The final miles and thoughts

sunny 20 °C

From Alta Gracia we headed for an overnight stay in Che Guevaras birthplace Rosario before travelling the last few hundred miles to our starting point in Buenos Aires, having completed over 5,200 miles in South America.

Many of the group have spent these couple of days reflecting on what they have seen and experienced and we have been no exception.

April and I both started the journey not quite knowing what to expect. Our thought was to experience it as we went rather than read up on lots of travel books and guides. In many ways its been overwhelming.

The riding itself has been far more physically demanding than I thought it would be. The rest days were barely enough to pull yourself together especially when combined with some of the must see sights we went to that ate into any of the rest we needed. Its only now that we are safely back in Buenos Aires that this is catching up on us. As I write this April is having an afternoon nap and I have barely been awake for the last two days!

The altitude has also been a big factor. Day after day at over 3,000 metres takes it out of you.
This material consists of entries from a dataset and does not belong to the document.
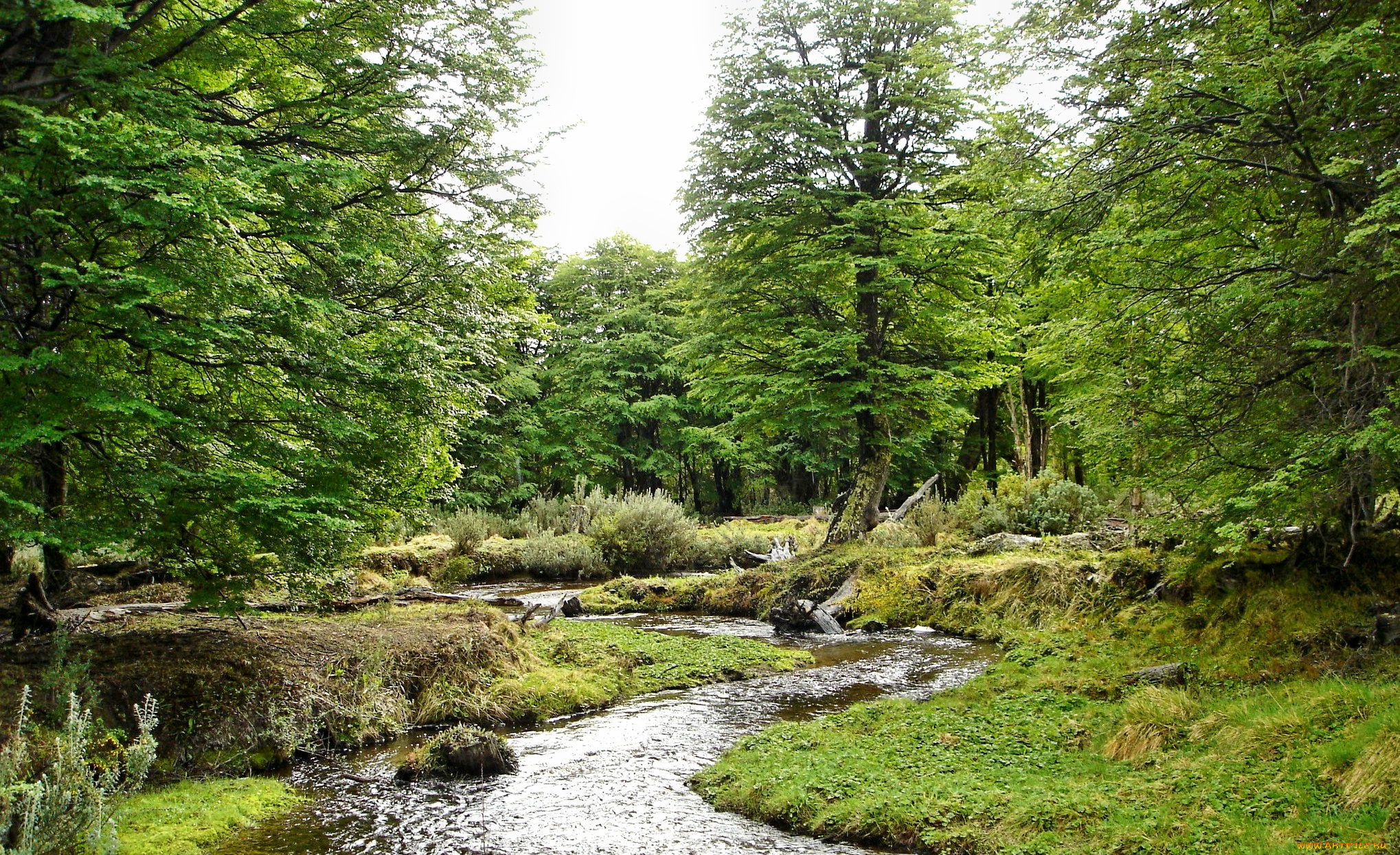 tierra, del, fuego, природа, реки, озера, река, лес, зелень, лето, трава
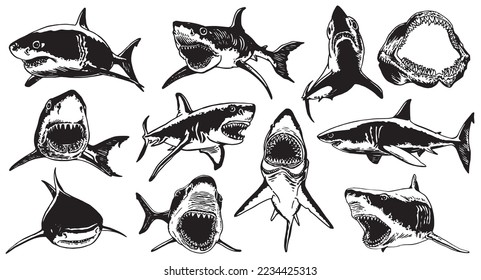 Graphical big set of sharks and jaws isolated on white background,vector elements , great white shark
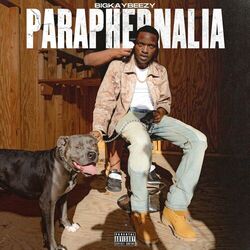Cover of Paraphernalia
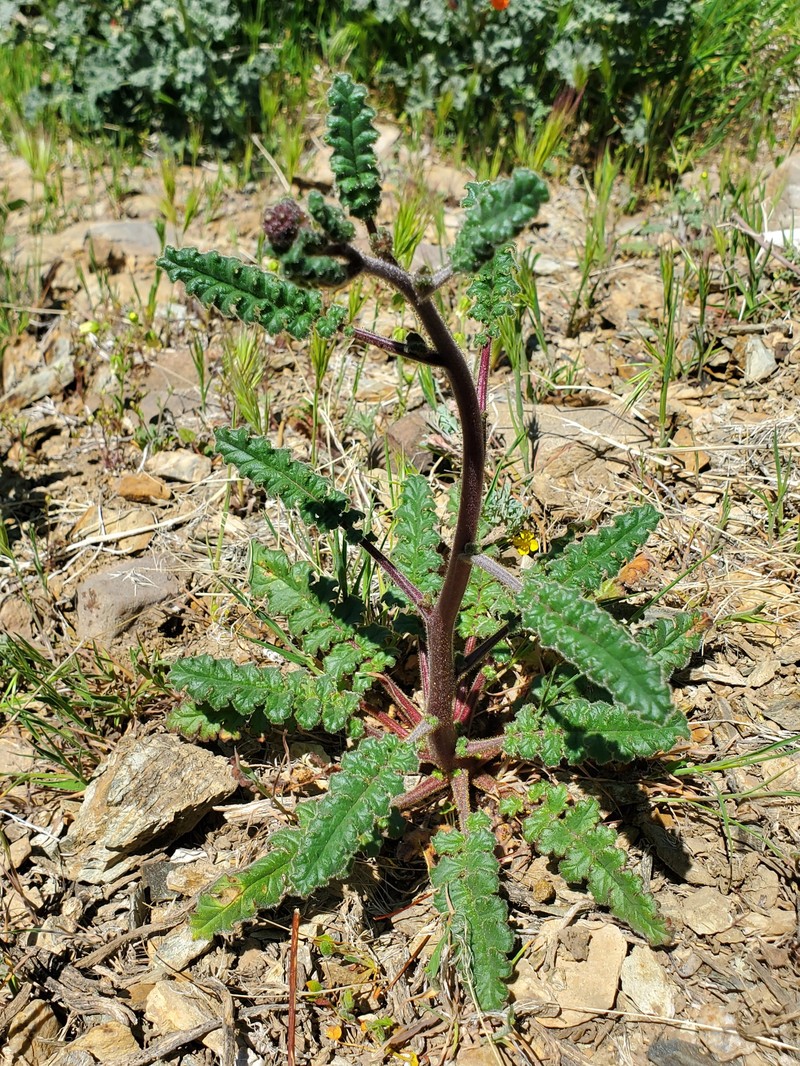 Phacelia crenulata var. crenulata photo 5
It's difficult to breathe or even walk around at times. Sleep is interupted by your body begging for more oxygen and then it becomes hard to get back to sleep again.

However, and its a big however, the things we have done and seen have been a truly once in a lifetime experience.

Bolivia was an eyeopener. I think often in the west it can be easy to equate poverty with dishonesty and laziness. There is much poverty in Bolivia, It hits you in the face and sometimes in the nose ! But not once did anyone have anything stolen or did we feel threatened or in danger, in fact the complete opposite. Everyone was extremely friendly; although many were curious about the motorbikes no one touched them without permission, and the interest in where we had come from and where we were going was overwhelming.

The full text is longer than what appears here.